Print the records below exactly. Omit every picture.

─── Source information

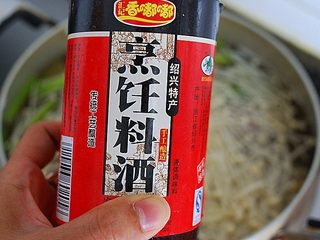 7、红枣母鸡汤,倒入料酒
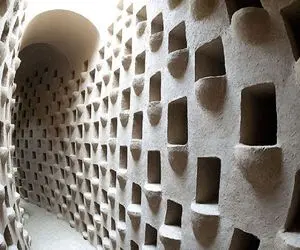 صندوقچه اسرار خشتی، برج اسرار آمیز کبوترخانه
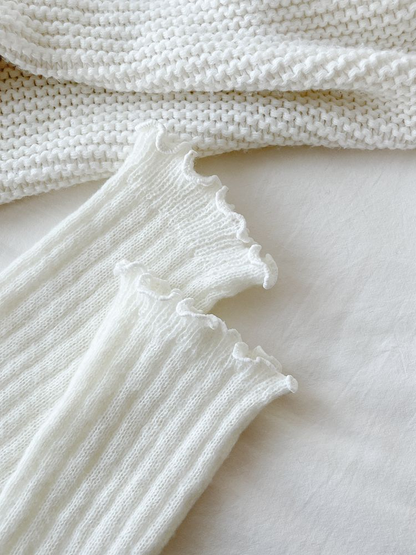 Close-up of the white ruffled opening and ribbed texture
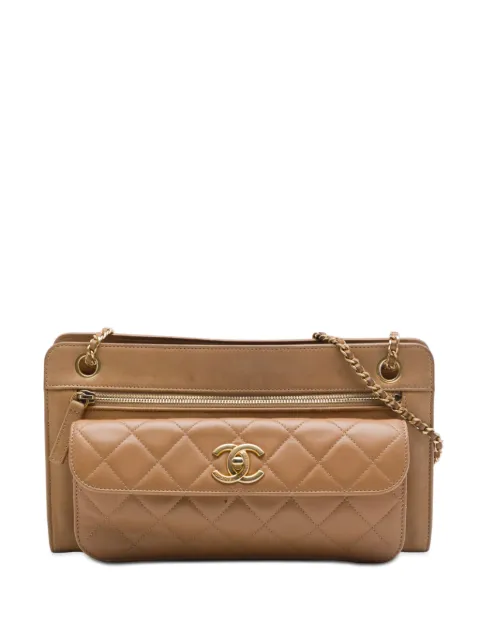 CHANEL Pre-Owned 2011 CC Quilted Lambskin Front Pocket shoulder bag Brown UC710XZ9GROGH0J8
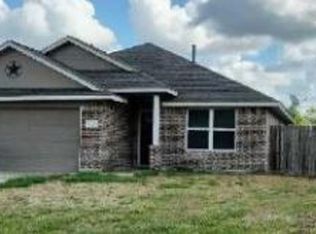 6120 Fox Ridge Dr, Angleton, TX 77515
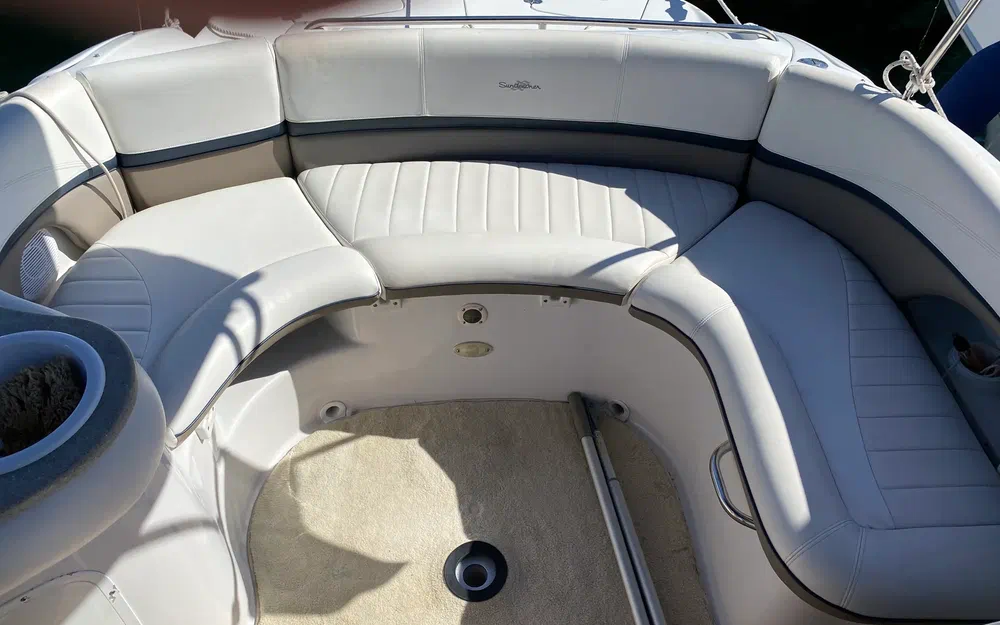 slider 4 Four Winns Sundowner 205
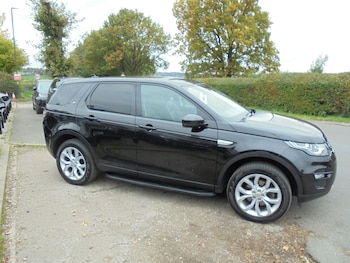 Used Land Rover Discovery Sport 2015 for sale - 76290050: Photo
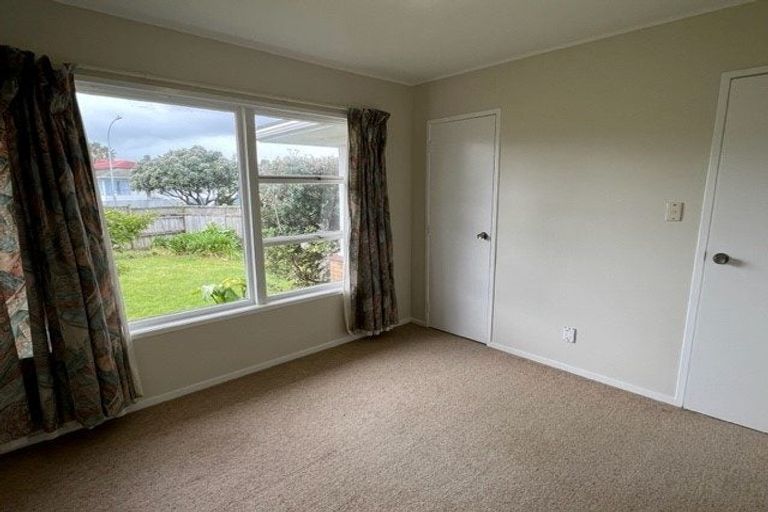 Photo of property in 4 Cromdale Avenue, Highland Park, Auckland, 2010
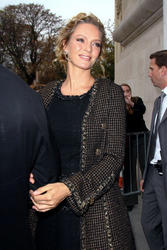 Uma Thurman Chanel at Paris Fashion Week Th_929945198_UmaThurmanChanelParisFashionWeekLoepxddjRlTl_122_577lo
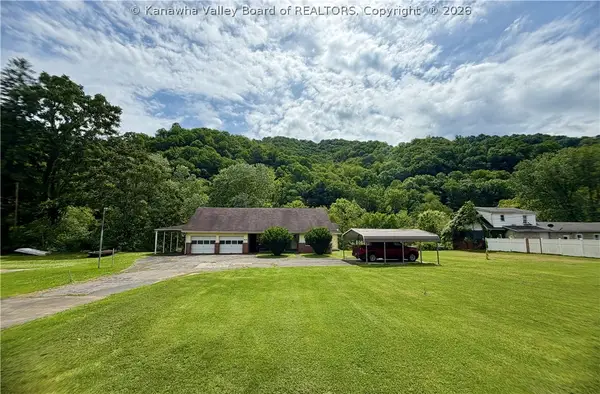 5646 Old Logan Road, Logan, WV 25601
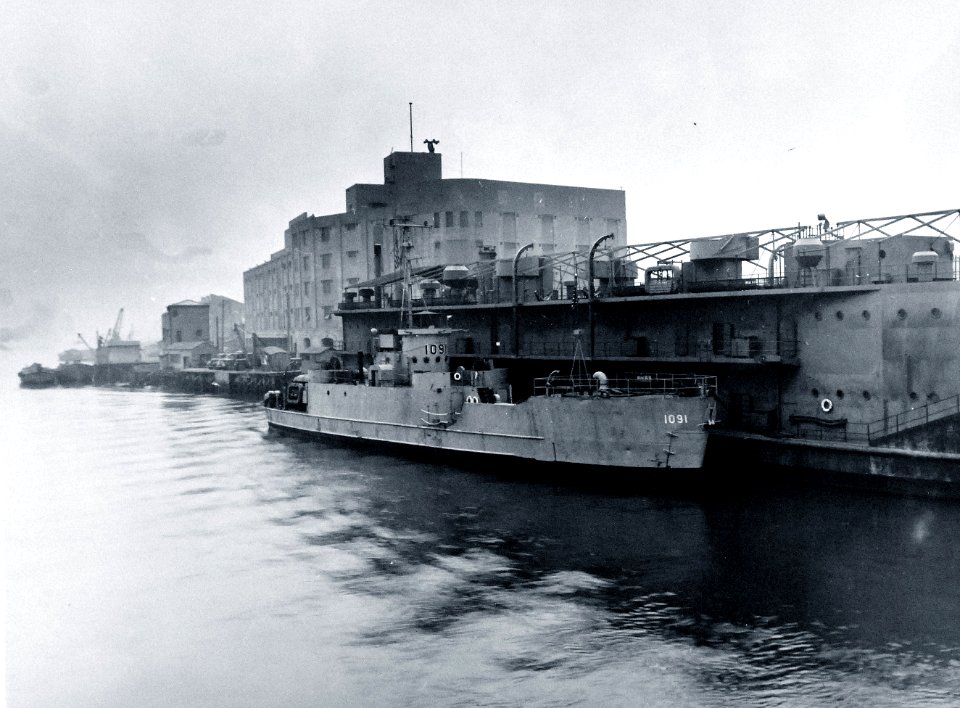 330-PS-1179 (USN 426582) (18700094614)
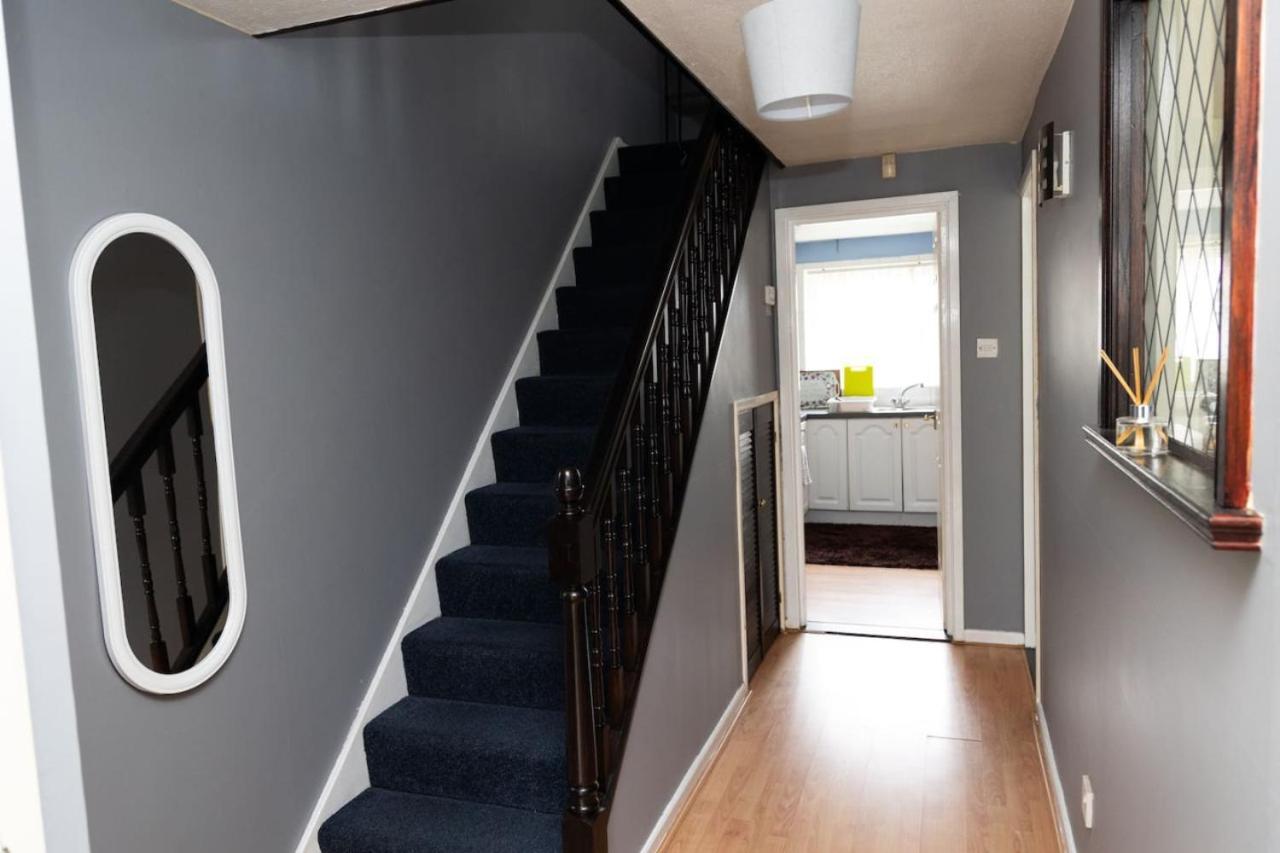 3 Bed Home Sleeps 8 People Located 1 Min From Train Stop - Otley Terrace Oldham Exteriör bild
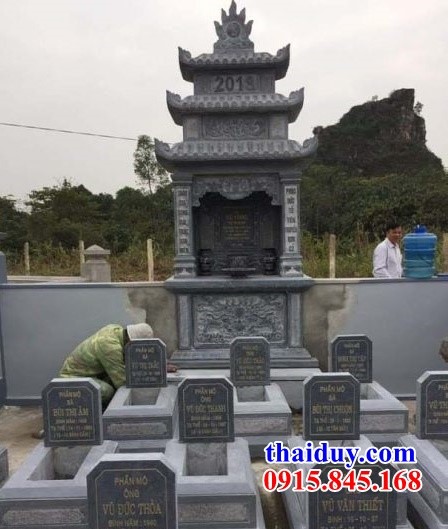 41 Lăng mộ ba mái thờ chung gia đình dòng họ bằng đá tự nhiên nguyên khối tại Thừa Thiên Huế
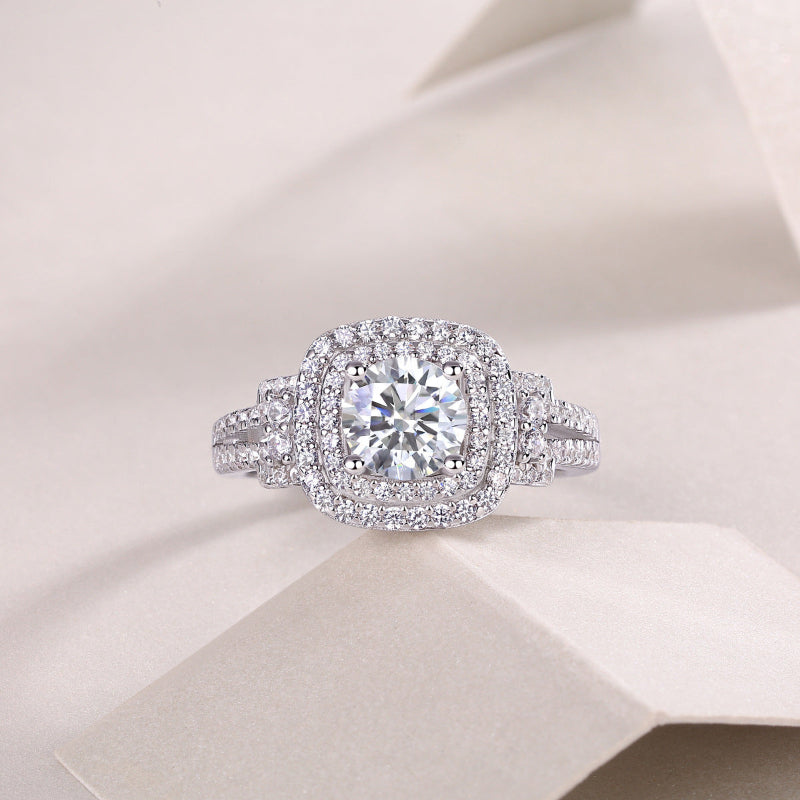 Luxurious Moissanite Cocktail Ring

──────

The answer
 7、红枣母鸡汤,倒入料酒
 صندوقچه اسرار خشتی، برج اسرار آمیز کبوترخانه
 Close-up of the white ruffled opening and ribbed texture
 CHANEL Pre-Owned 2011 CC Quilted Lambskin Front Pocket shoulder bag Brown UC710XZ9GROGH0J8
 6120 Fox Ridge Dr, Angleton, TX 77515
 slider 4 Four Winns Sundowner 205
 Used Land Rover Discovery Sport 2015 for sale - 76290050: Photo
 Photo of property in 4 Cromdale Avenue, Highland Park, Auckland, 2010
 Uma Thurman Chanel at Paris Fashion Week Th_929945198_UmaThurmanChanelParisFashionWeekLoepxddjRlTl_122_577lo
 5646 Old Logan Road, Logan, WV 25601
 330-PS-1179 (USN 426582) (18700094614)
 3 Bed Home Sleeps 8 People Located 1 Min From Train Stop - Otley Terrace Oldham Exteriör bild
 41 Lăng mộ ba mái thờ chung gia đình dòng họ bằng đá tự nhiên nguyên khối tại Thừa Thiên Huế
 Luxurious Moissanite Cocktail Ring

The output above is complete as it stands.